Story & Prose
Story & Prose Podcast
How to make your book give readers all the feels
0:00
-11:40

How to make your book give readers all the feels

Hint: Do it like Pixar does it

Over the weekend my husband and I took the kids to see the new Inside Out movie. And, as expected given it’s Pixar and a movie about emotions, it gave us all the feels.

Pixar is a powerhouse of storytelling, and not just because they are filmmakers and are working with a more visual medium.

Over and over again, their stories win the hearts and minds of millions of young and the young at heart. As a story student and teacher, and a writer, I found myself asking how. What about this movie—and so many of their others—bring us to tears?

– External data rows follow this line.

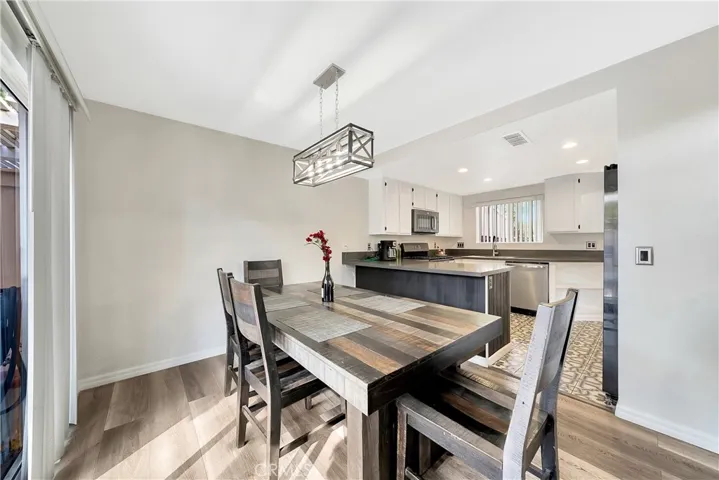 37 Sandalwood 91, Aliso Viejo, California 92656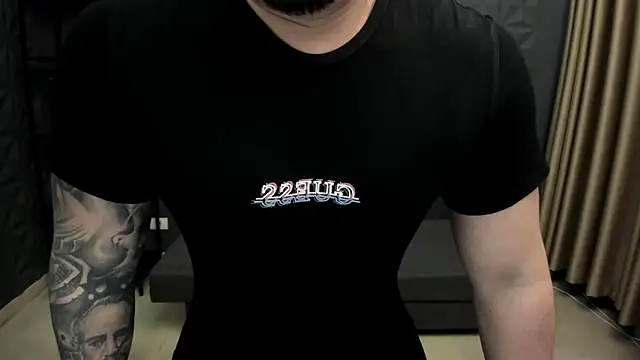 Snapshot of TonyWilcox chatting on 01.27.25 TonyWilcox online show from 01.27.25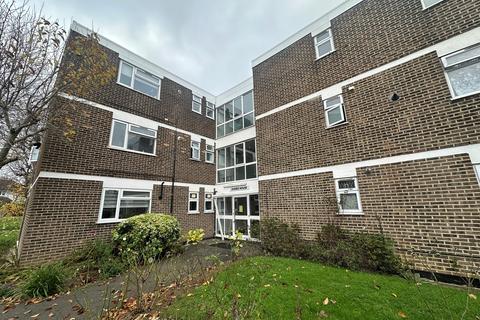 1 bedroom flat to rent, Stratton Close, Edgware, HA8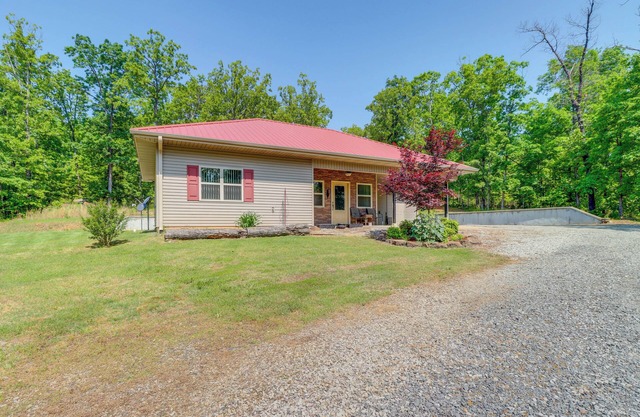 Peaceful Home w/ Patio Near Greers Ferry Lake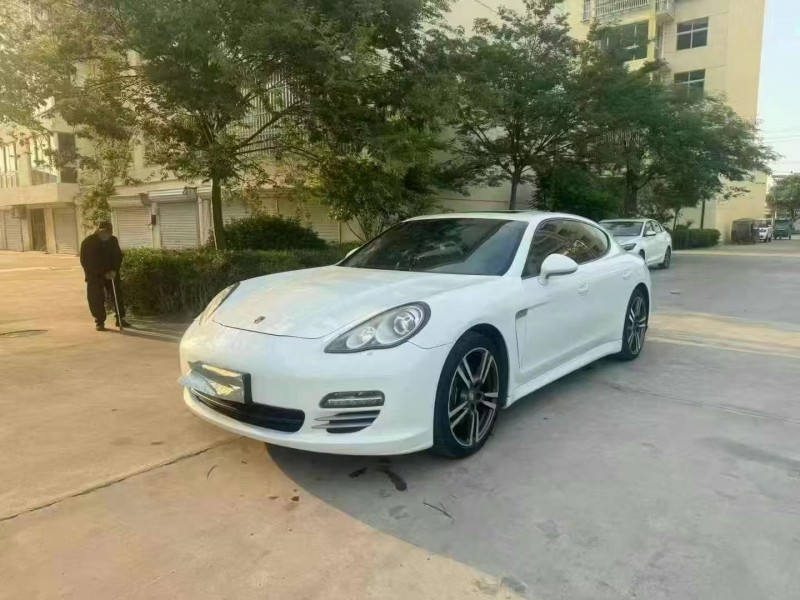 徐州13年保时捷帕拉梅拉2
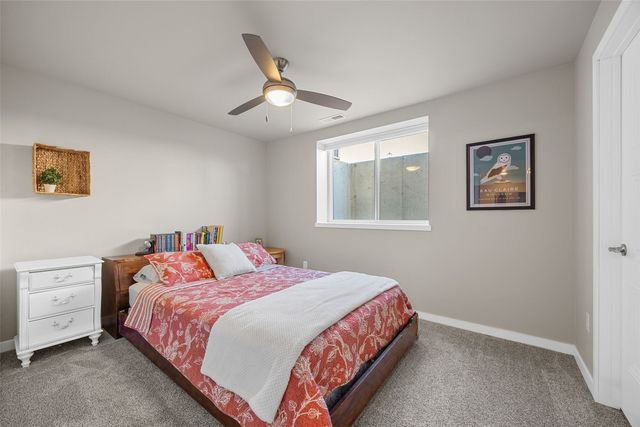 790 Oak Terrace Avenue, North Liberty, IA 52317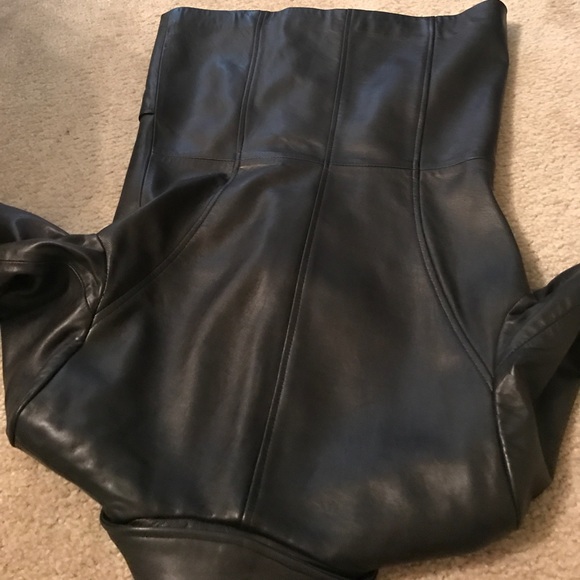 Black blazer - Picture 3 of 3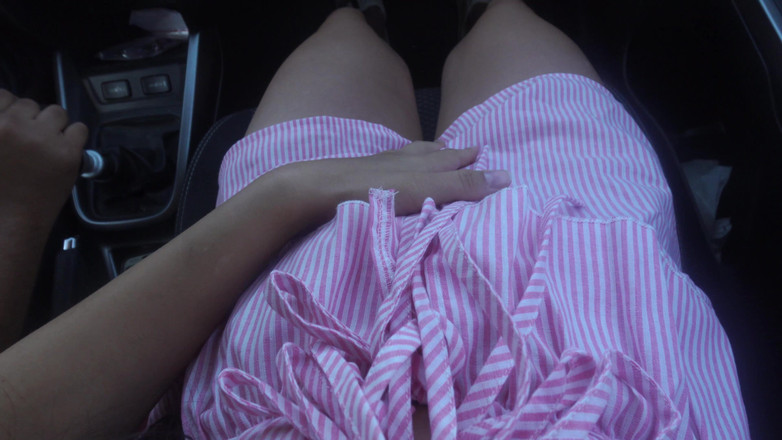 AmayaMori: फिलीपीनी भारतीय पत्नी मेरी कार में हस्तमैथुन करती है अपनी चूत के साथ खेलती है फिर अपनी उंगलियों को चूसती है और उसके मुंह से खेलती है फिर अपनी लार के साथ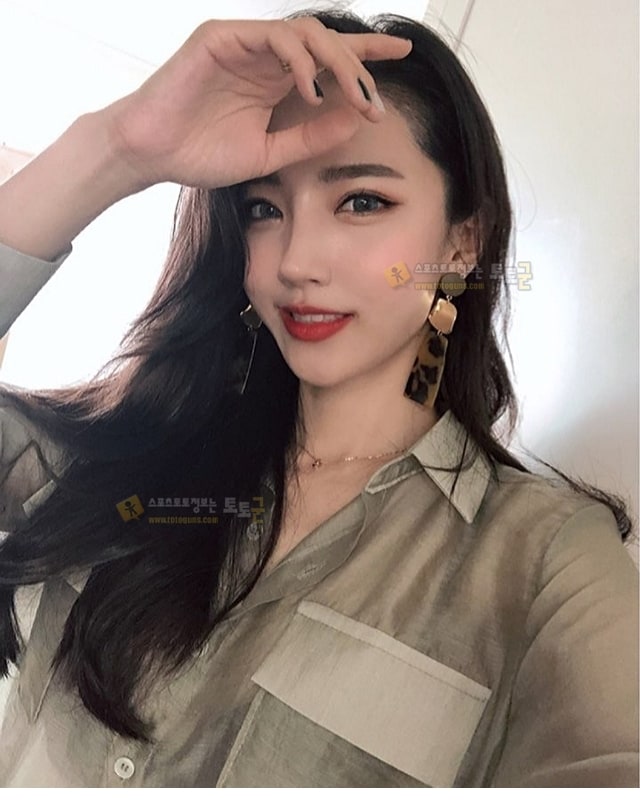 먹튀검증 토토군 포토 94년생 모델녀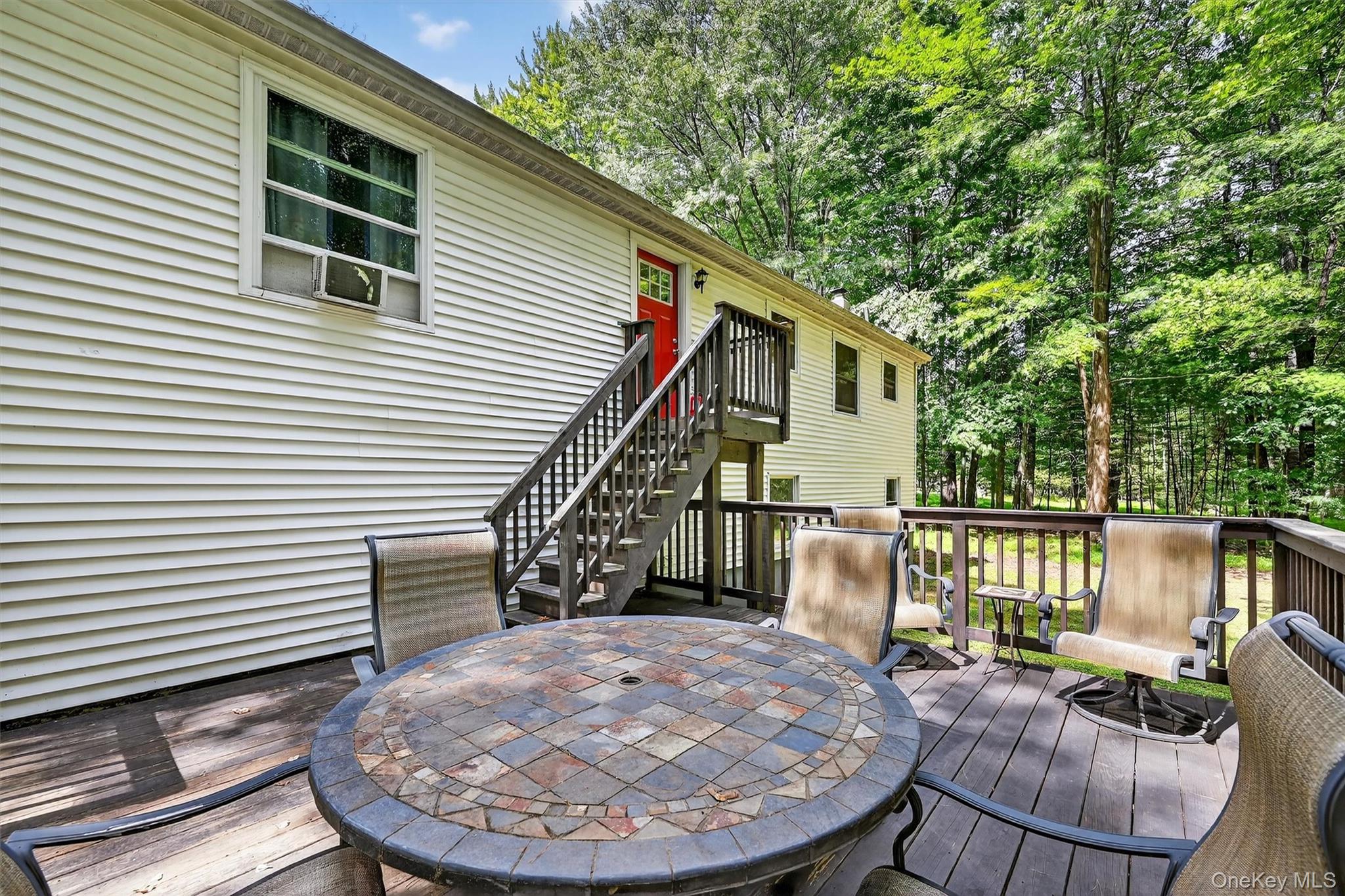 6 Tice Lane, Middletown, NY 10941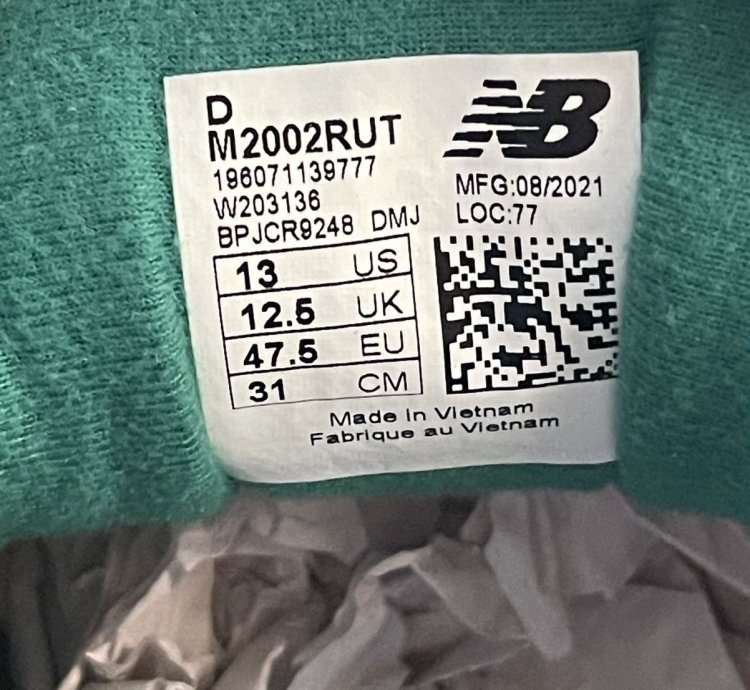 New Balance Up There 2002r - Backyard Legends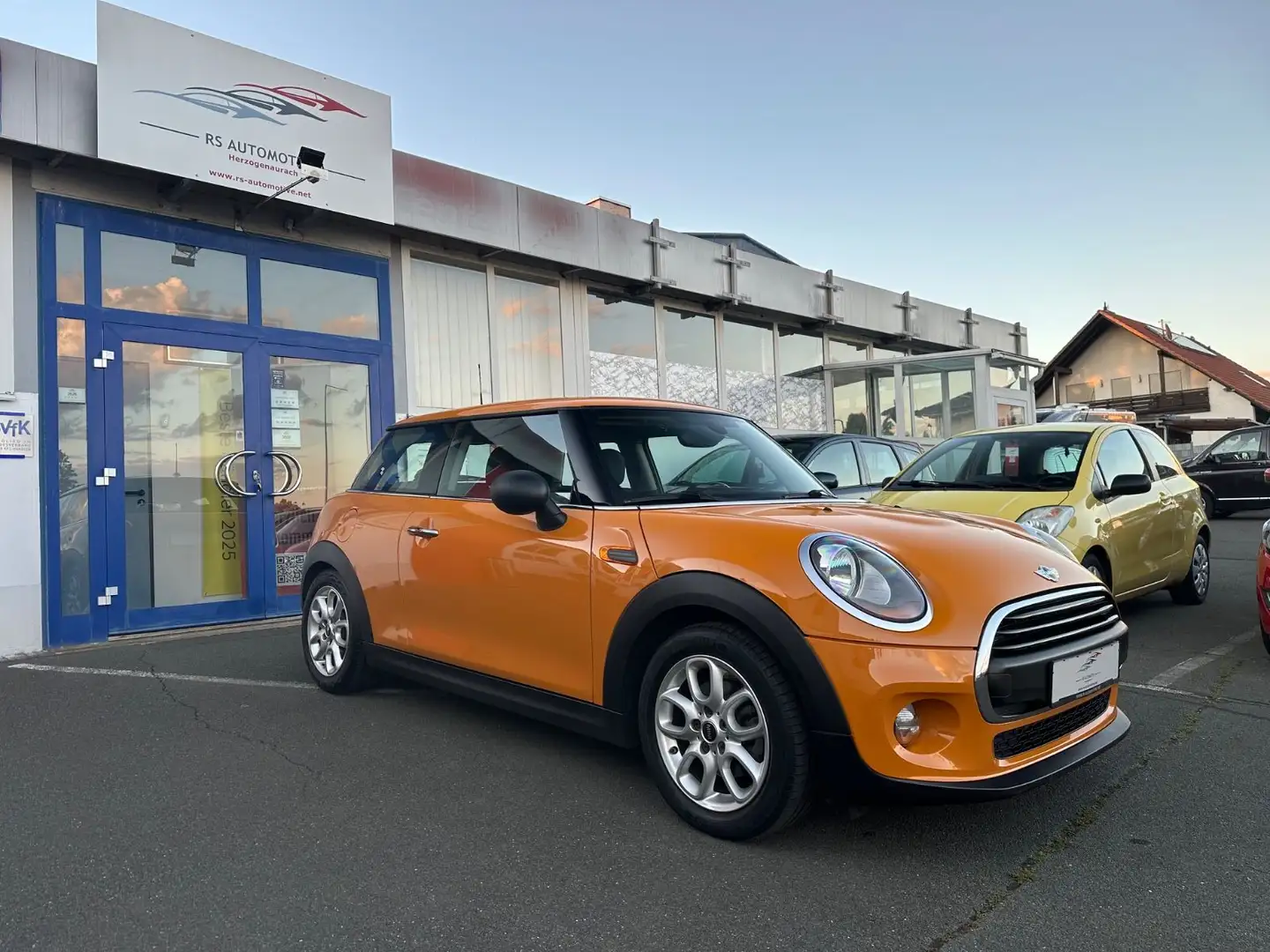 MINI One Mini Salt 3-trg*2.Hd*Tempo*Klima*PDC*Gar.* Orange - 2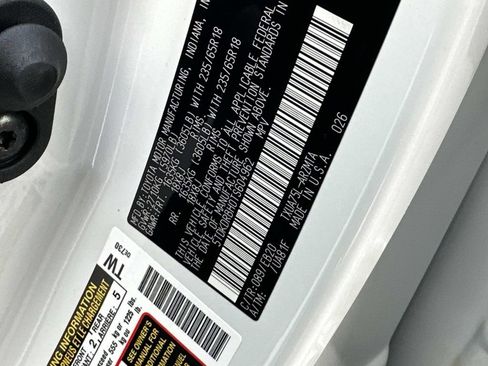 New 2026 Toyota Highlander XLE image 17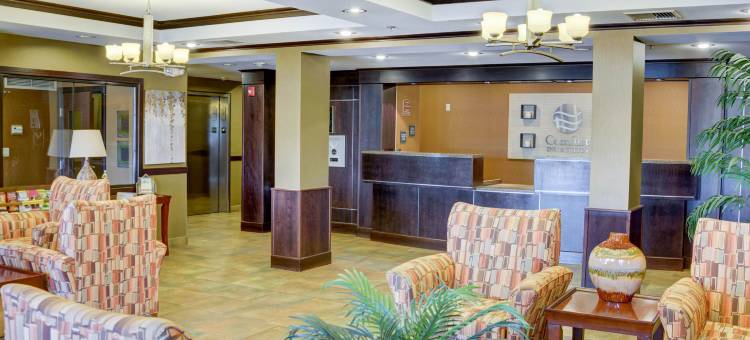 拉塞尔维尔I-40舒适套房酒店(Comfort Inn & Suites Russellville I-40)图片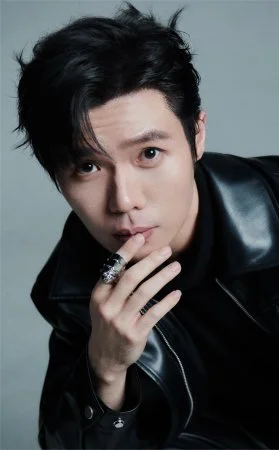 Цзо Лин Фэн / Zuo Ling Feng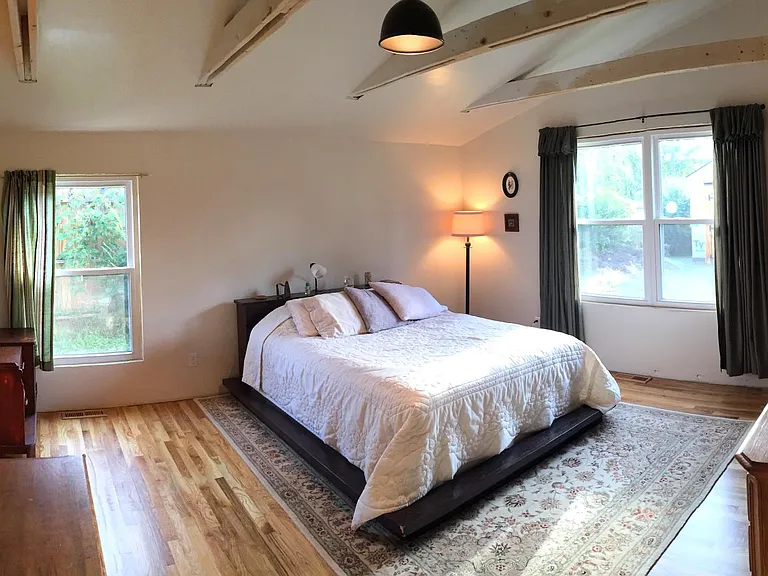 1012 Ridge St — Photo 4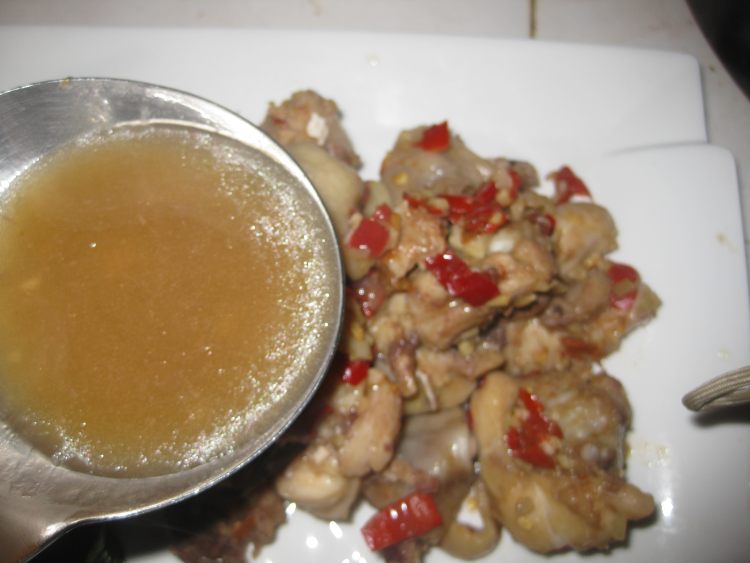 剁椒蒸鸡腿步骤9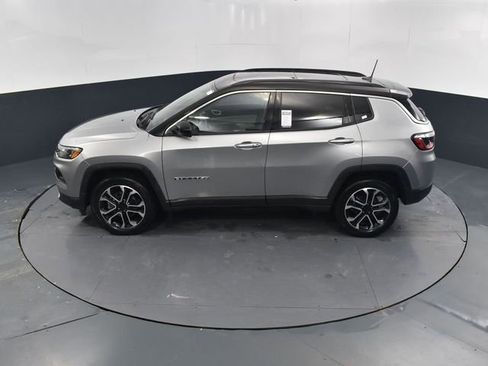 Used 2022 Jeep Compass Limited w/ Sun and Sound Group image 45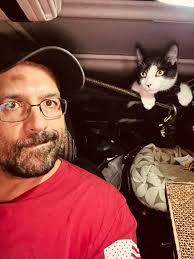 Meeting like-minded people in Hot Springs for social activities and animal  rescue volunteering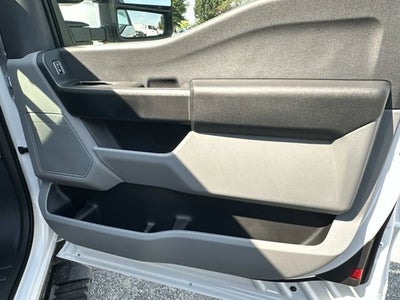 2027 Ford Super Duty F-350 SRW XL
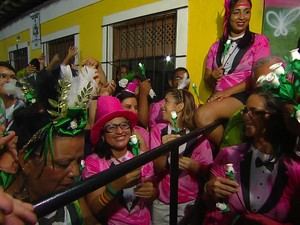 Rosas são entregues em frente à sede do Homem da Meia-Noite (Foto: Reprodução / TV Globo)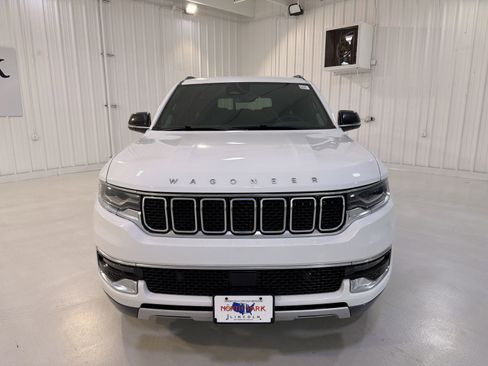 Used 2022 Jeep Wagoneer Series II image 32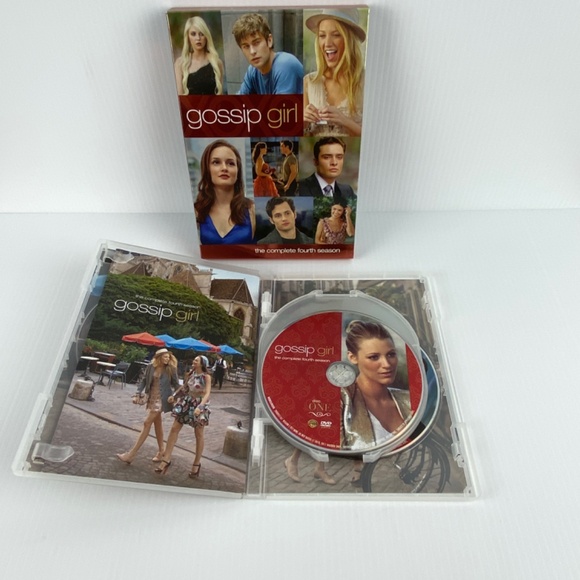 Gossip Girl Season 4 DVD Complete Fouth Season 2011 5 Disc Set - Picture 5 of 8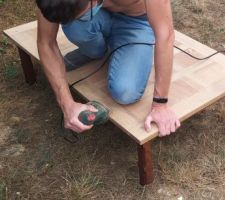 Ponçage de la table basse en bois brut.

You could argue that all the magic is explained in these, Pixar’s 22 Rules for Storytelling, but I want to zoom out for a second and look at their finished products, starting with Inside Out because it’s fresh in my mind. The four things I think make Pixar flicks so moving are: They go deep; their characters are flawed and lovable; their worlds are vivid, detailed, and organic; and they perfectly marry the inside and outside worlds.

1. They go deep

From Toy Story to Up to WALL-E to Elemental and Inside Out, these writers are unabashedly afraid at looking at the tough parts of life:

The loneliness in WALL-E…

The weight of a family’s expectations in Elemental…

The fear of being replaced or forgotten in Toy Story…

Grief in Up…

And belonging and fear in Inside Out…

Each of these stories digs so deep into the darker—or rather, harder--parts of the human experiences. Though they balance it all out with fun characters and humor, there is, at the heart of each of these movies, something profound and meaningful and relatable. And many of the stories aren’t even driven by human characters! They’re toys or elements, or emotions, or robots, or fish (Finding Nemo). And yet they feel like they are humans. They know what it means to feel like they’re letting someone down, they know what it means to love, to be lonely, to fear change and the unknown.

The first Inside Out movie dealt with a young pre-teen who had to deal with the pain of moving across the country, and in the second, she had to deal with the pressures of securing her place on her new hockey team while anxiety crippled her. Pixar movies aren’t always easy, but they are true. They are real. They say something meaningful about life and how to deal with the tough stuff.

2. Their characters are flawed & lovable

In the first Inside Out, the main character, I’d argue is Joy, one of the emotions controlling young human girl Riley. Joy is her name and it’s also her responsibility. She’s mostly in control of Riley, flooding her with happiness and optimism, and generally, positivity. Joy is brave and fights fiercely for Riley’s happiness.

But she’s also flawed. She doesn’t much like—or understand, really—the purpose her colleague/fellow emotion, Sadness serves. Fear keeps Riley safe, Disgust keeps Riley from getting poisoned, and Anger fires her up. But Sadess’s job, Joy says, she’s not really sure what it is.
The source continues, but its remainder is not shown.